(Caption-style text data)
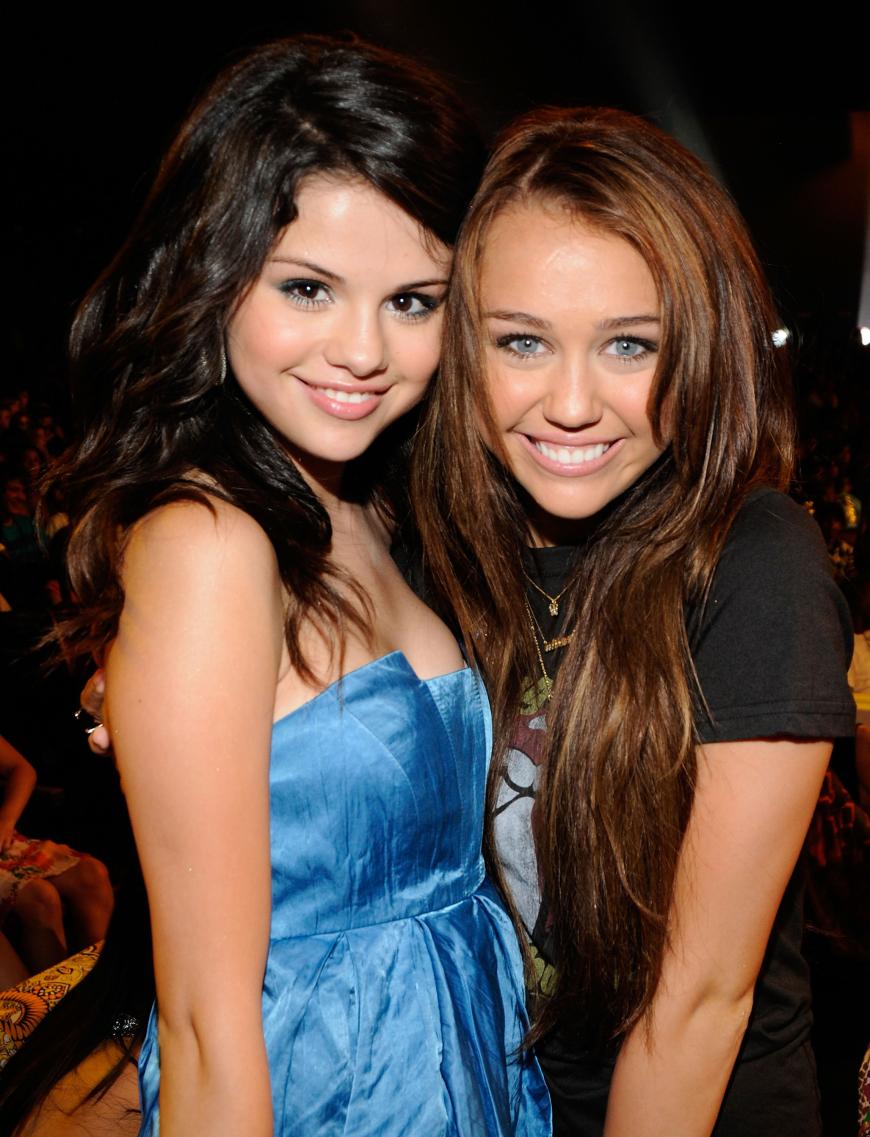 Mit Freundin Miley Cyrus (r.) sprach Sel über ihre Krankheit.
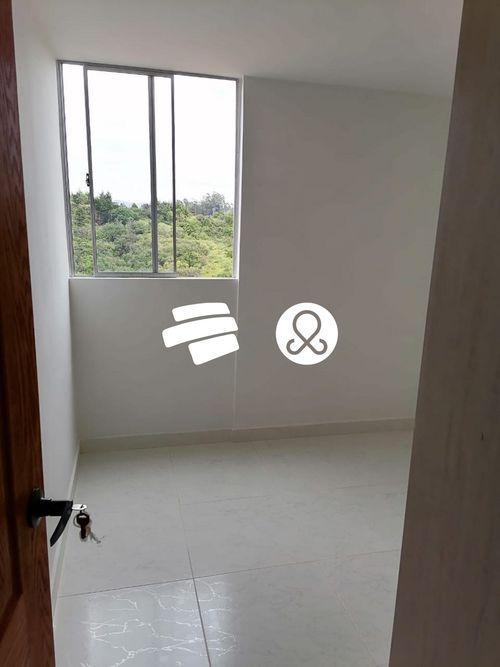 Apartamento de 3 alcobas en venta en El Porvenir, Rionegro, 54 m² · foto 2 de 13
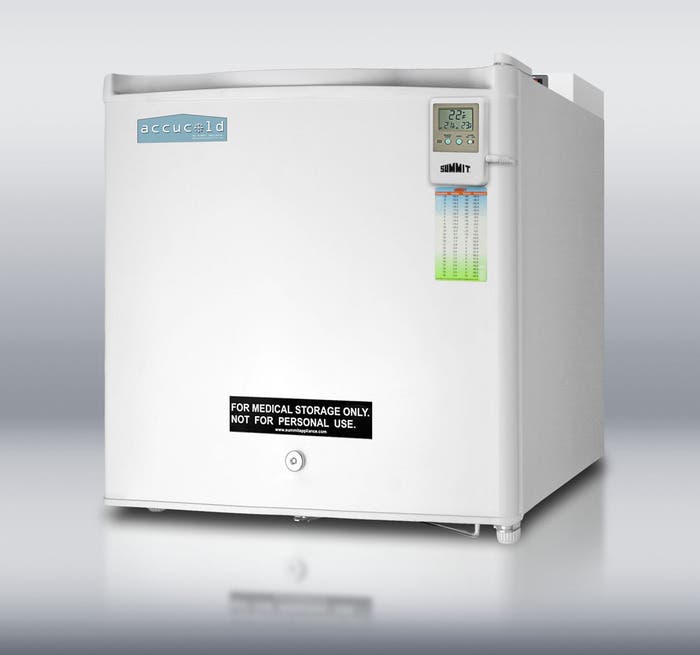 Summit FS20L7MEDSC Compact -20º C ACCUCOLD™ commercial freezer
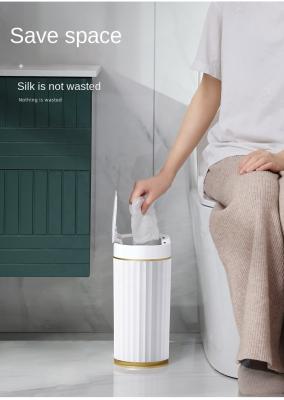 China Sustainable Fashion Modern Style Inductive Smart Trash Can 7L Automatic Smart Trash Can Near Toilet for sale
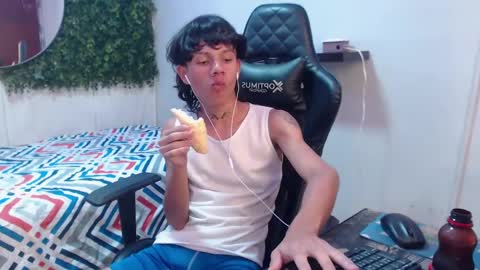 andy_dan1 online show from 4, 12, 2024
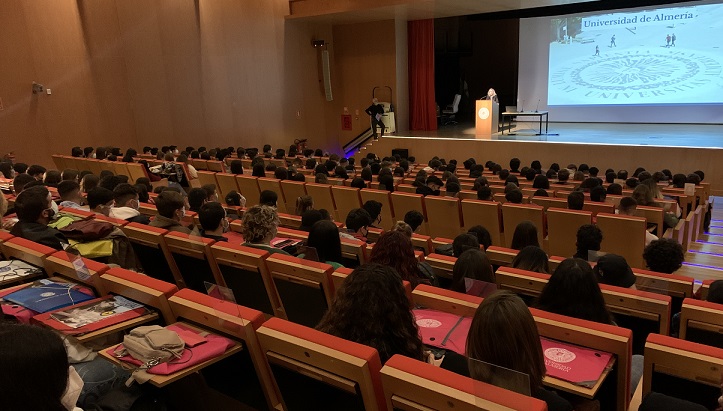 Miles de preuniversitarios participan en las Jornadas de Orientación de la UAL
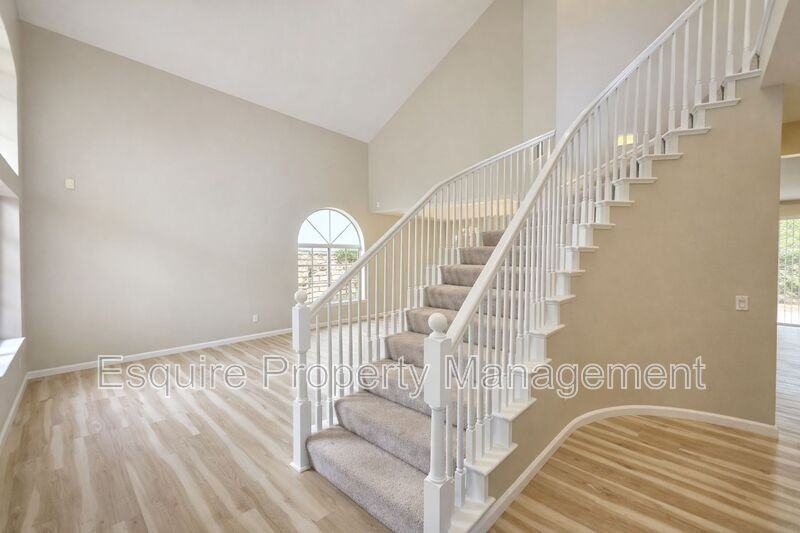 1735 Butterfly Ct - Photo 3 of 24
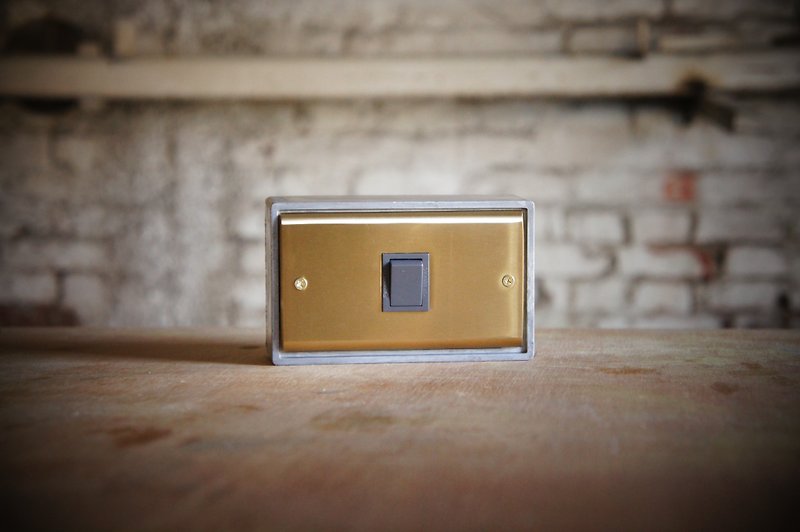 An open / Bronze Series / switch / three-way switch / dark gray (metal-free cartridge) - โคมไฟ - โลหะ สีทอง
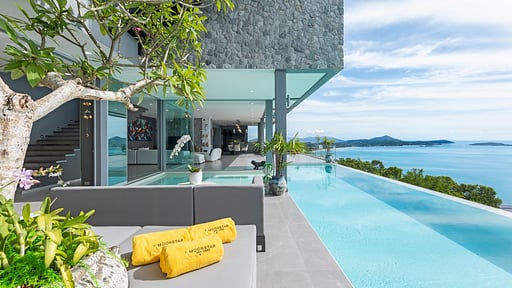 Villa Moonstar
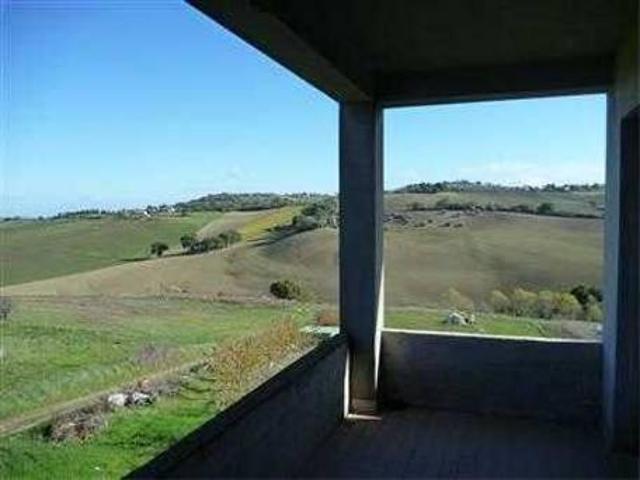 Villa Indipendente in vendita a Centro Storico, Marche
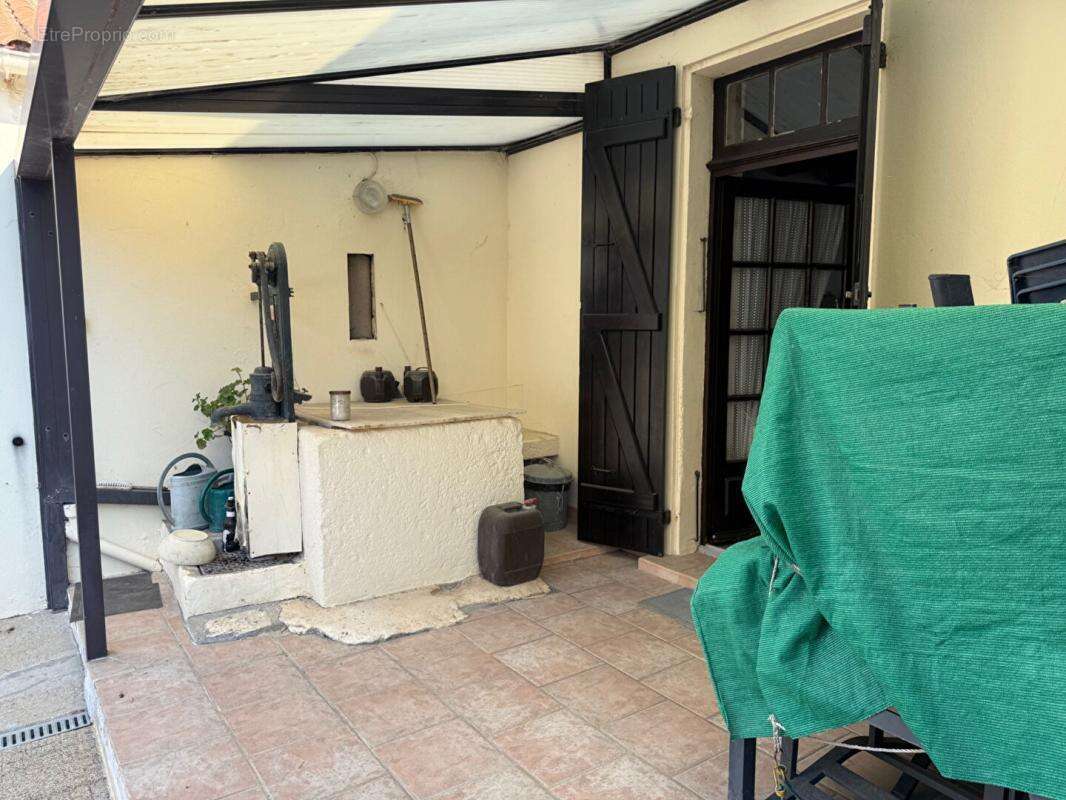 17190 - " Ancienne ferme" - Ensemble Immobilier 10 pièce(s) 147 m2 - LILEAU - - photo 4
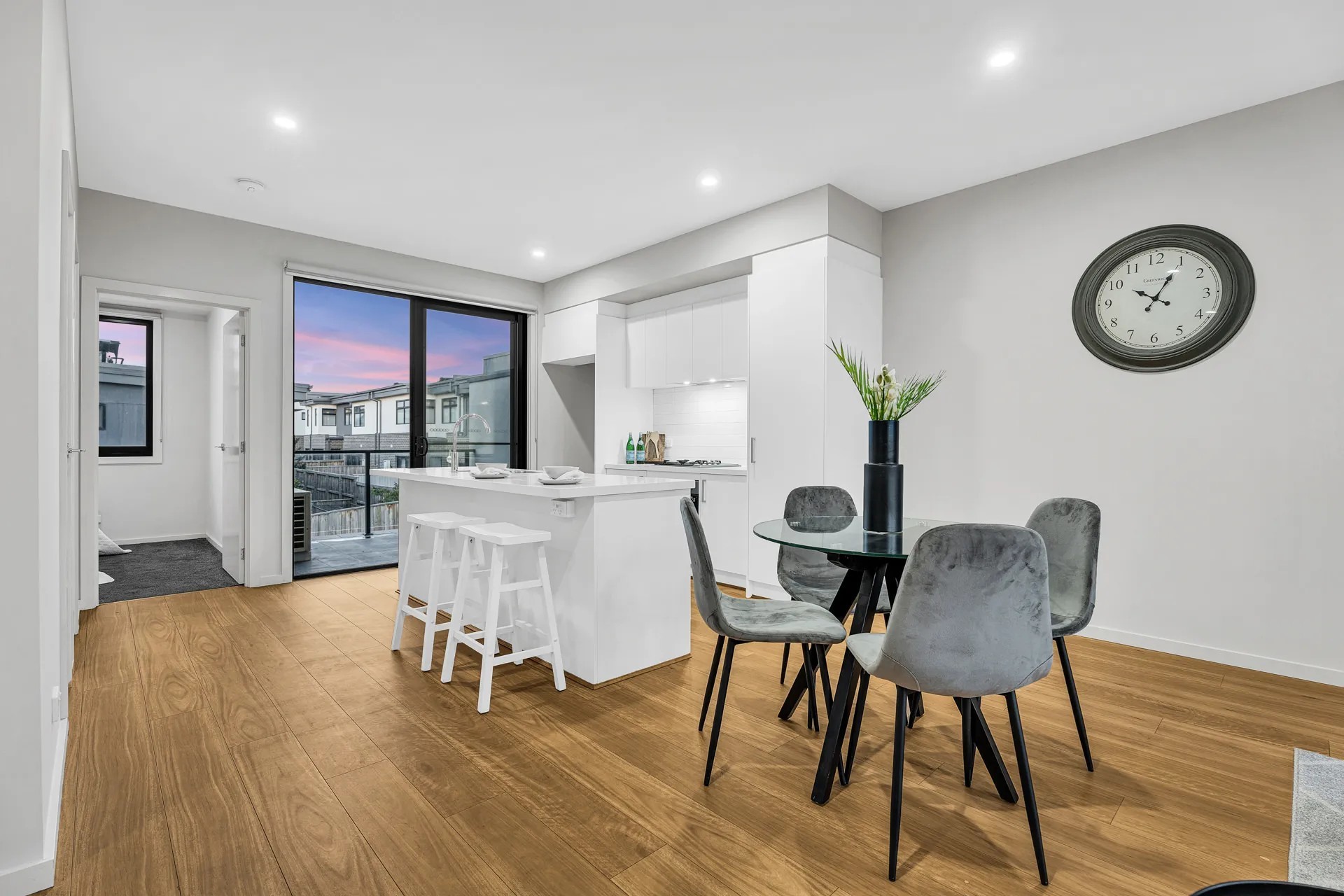 41 Creekview Way, Cranbourne West, VIC 3977 - Image 6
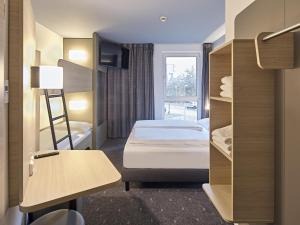 Postel nebo postele na pokoji v ubytování B&B Hotel Köln-Messe
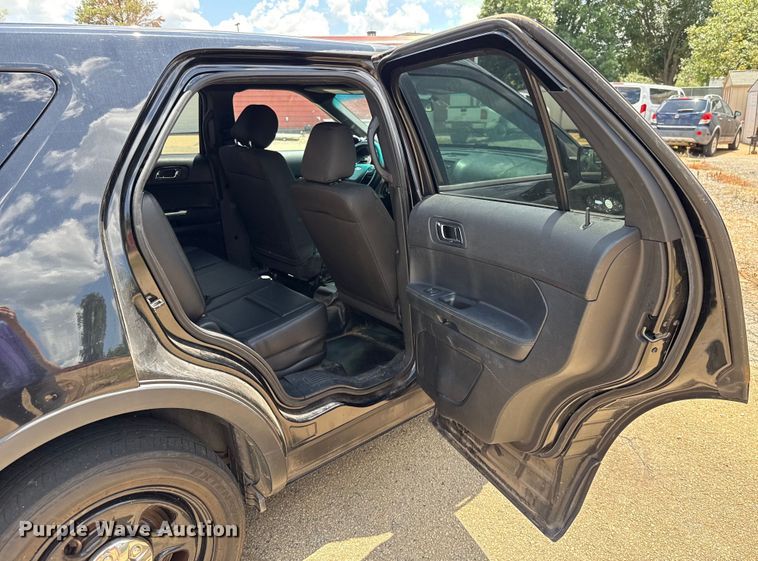 image for item HI9324 2016 Ford Explorer Police Interceptor SUV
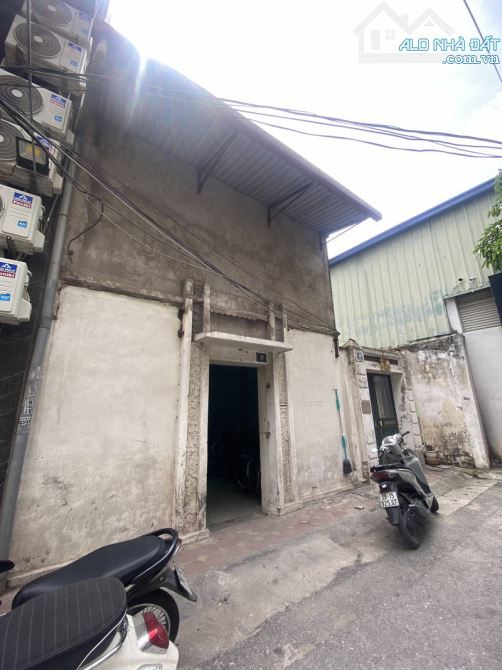 Miếng đất hiếm giữa lòng thủ đô   nhanh nhamh các  bac oi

To do:
Word for word, copy the lines from the one with "Postel nebo postele" through the end of the entries above, and do not include any picture.

Reply to the exercise:
 Postel nebo postele na pokoji v ubytování B&B Hotel Köln-Messe
 image for item HI9324 2016 Ford Explorer Police Interceptor SUV
 Miếng đất hiếm giữa lòng thủ đô   nhanh nhamh các  bac oi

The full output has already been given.